*** Opening SOURCE RECORDS ***
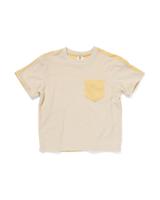 HEMA Kinder T-shirt Badstof Geel (geel) - thumbnail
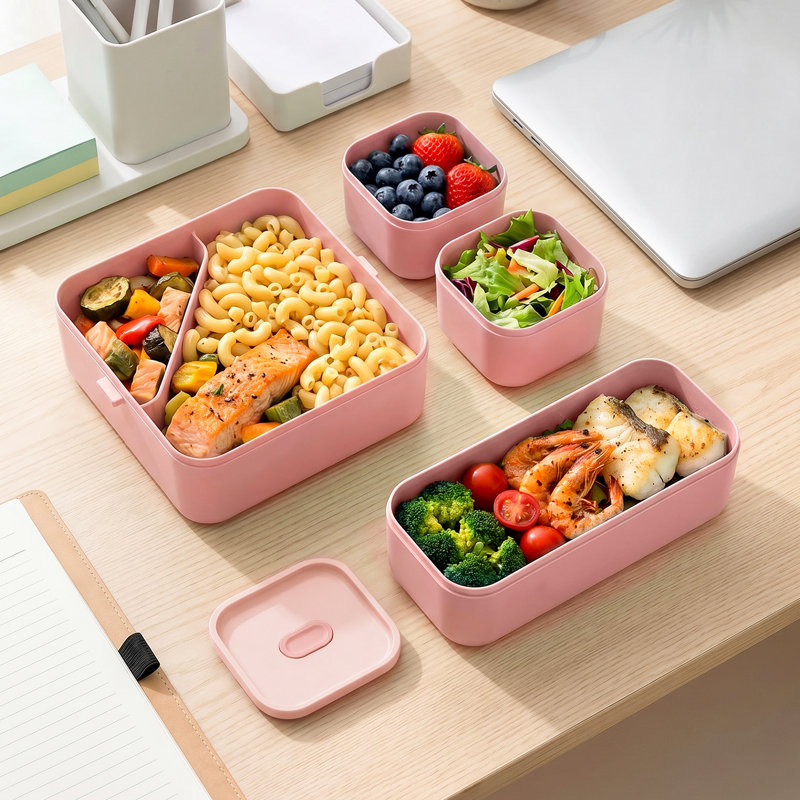 Food Storage Container, Pink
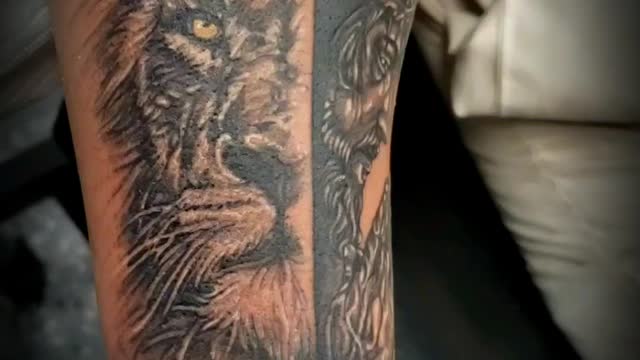 Lion/Jesus Tattoo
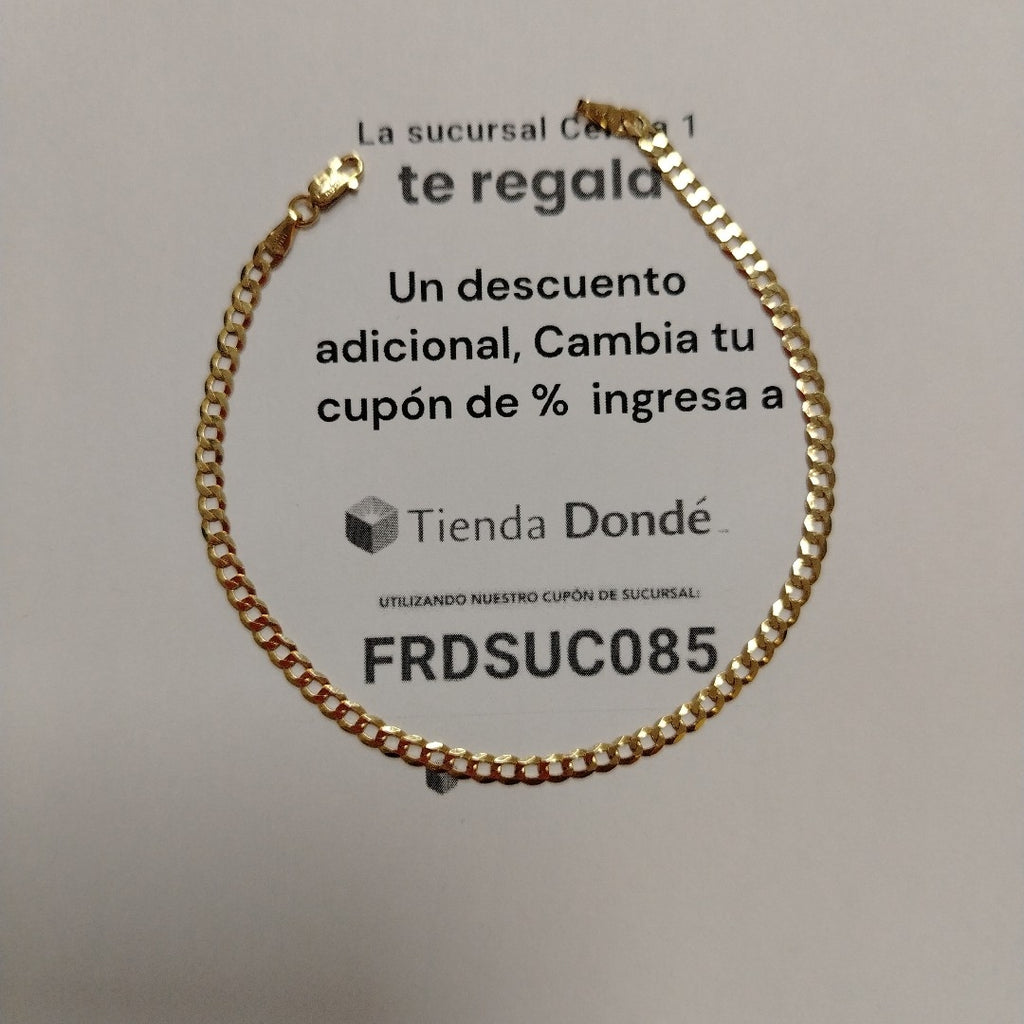 PULSERAS CABALLERO BARBADA AMARILLA ORO 14K 2.8 (NUEVO)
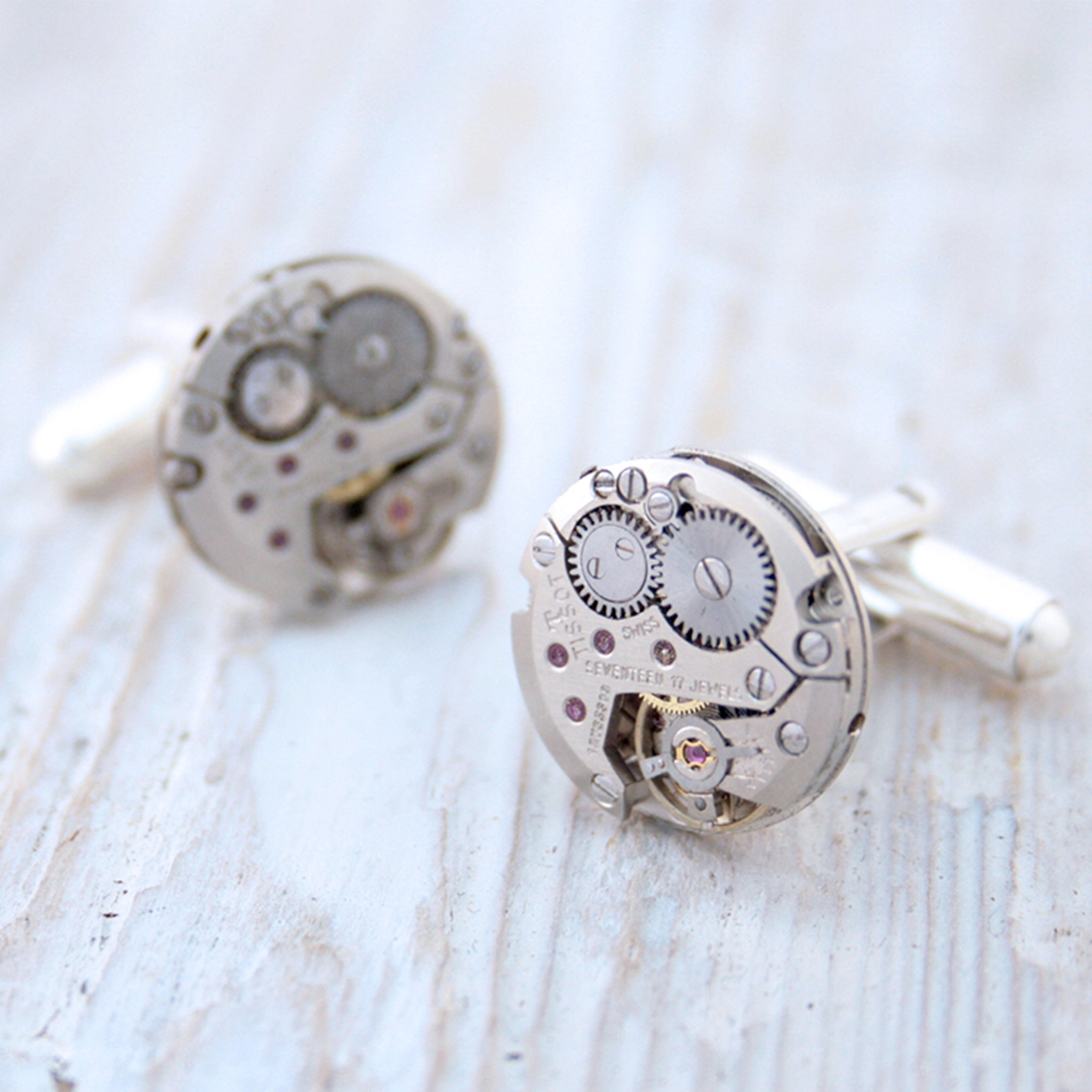 Clockwork Cufflinks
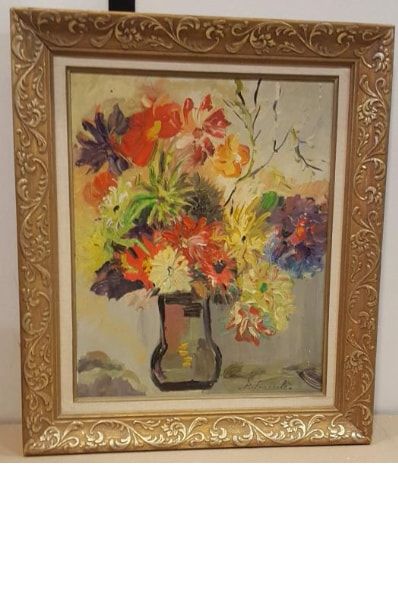 null LASSALES Pierre ( né en 1939)

Bouquet Fleurs 

huile sur isorel signée en bas...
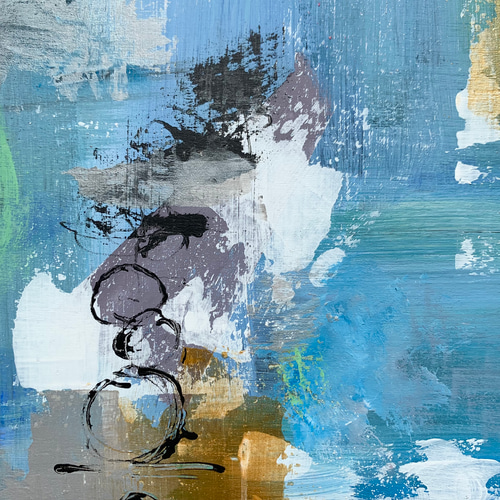 現代アート インテリア 個性的 カラフル 約24×24㎝ 絵画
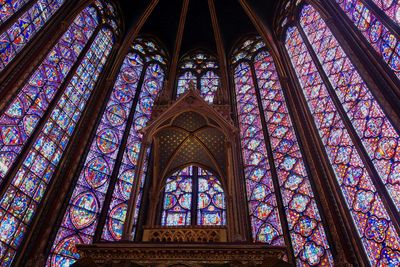 Low angle view of saint chapelle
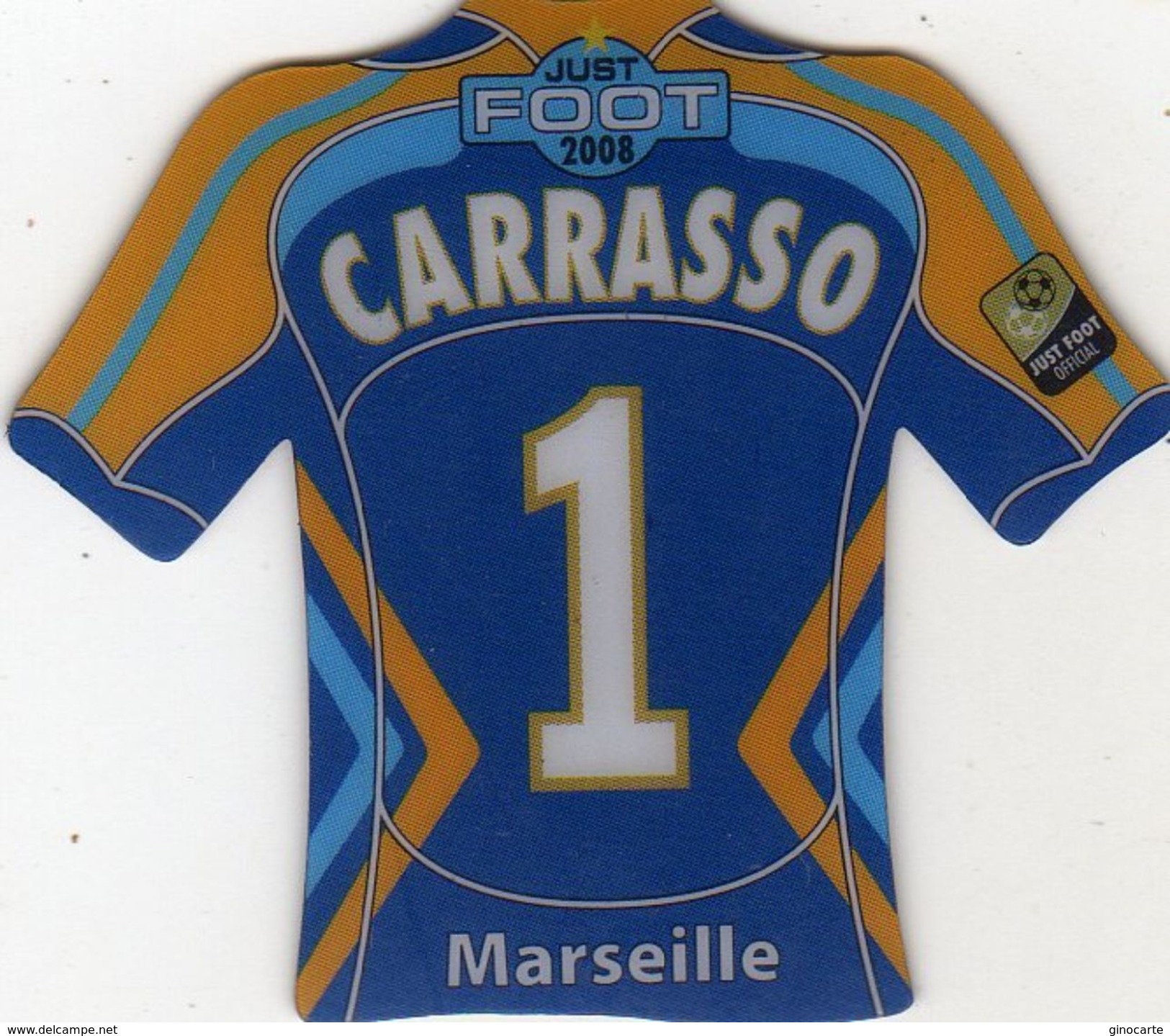 Magnet Magnets Maillot De Football Pitch Marseille Carrasso 2008 - Sport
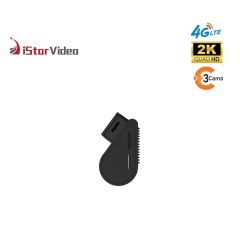 iSV-F7Plus Three Channel Dashcam, 4G LTE Connectivity, 2K+1080P+1080P, Real-time Remote View, IR Night Vision, 24/7 Parking Surveillance Mode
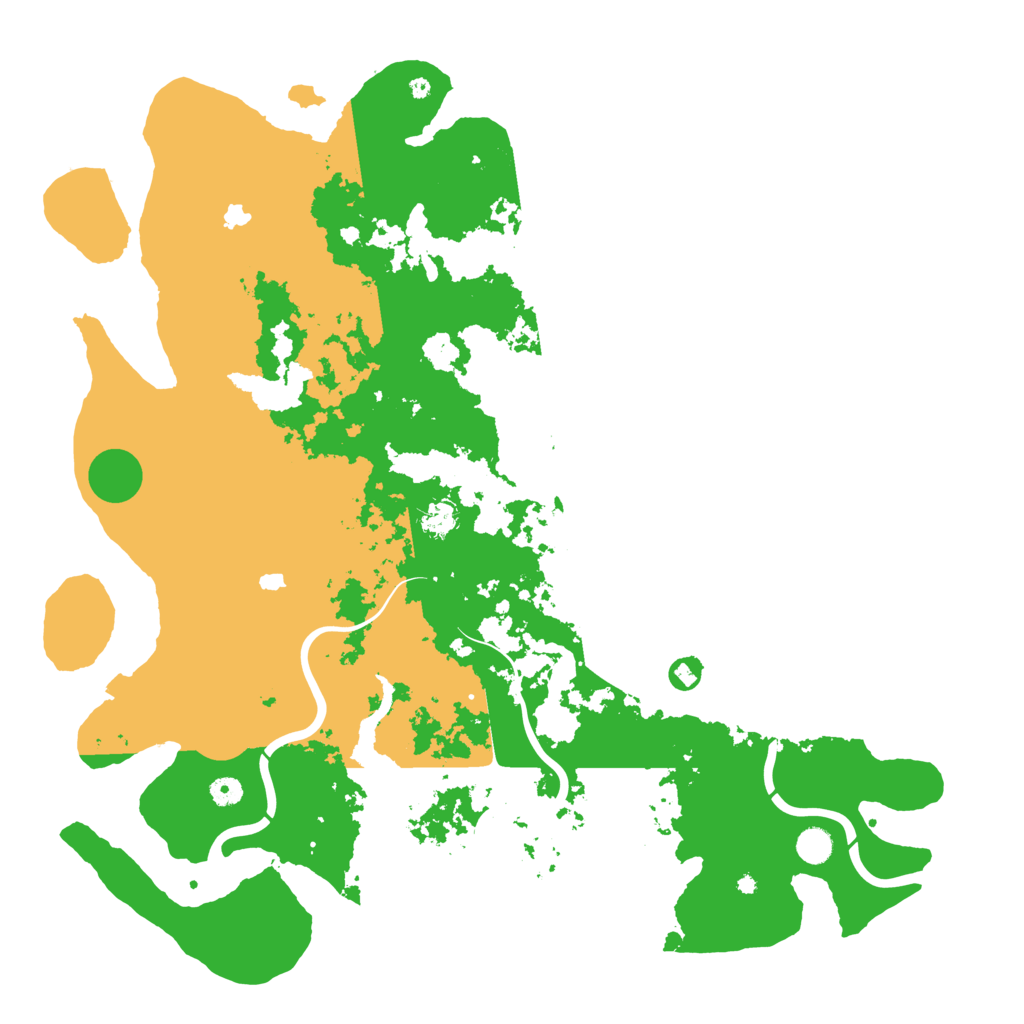 Biome Rust Map: Procedural Map, Size: 5000, Seed: 249594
*** Closing SOURCE RECORDS ***
**EXERCISE OBJECTIVE**:
Pictures excluded, write out exactly and only the lines of the material from the one containing "現代アート インテリア 個性的 カラフル 約24×24㎝ 絵画" up to and including the last line.

**SOLUTION FOR THIS PROBLEM**:
 現代アート インテリア 個性的 カラフル 約24×24㎝ 絵画
 Low angle view of saint chapelle
 Magnet Magnets Maillot De Football Pitch Marseille Carrasso 2008 - Sport
 iSV-F7Plus Three Channel Dashcam, 4G LTE Connectivity, 2K+1080P+1080P, Real-time Remote View, IR Night Vision, 24/7 Parking Surveillance Mode
 Biome Rust Map: Procedural Map, Size: 5000, Seed: 249594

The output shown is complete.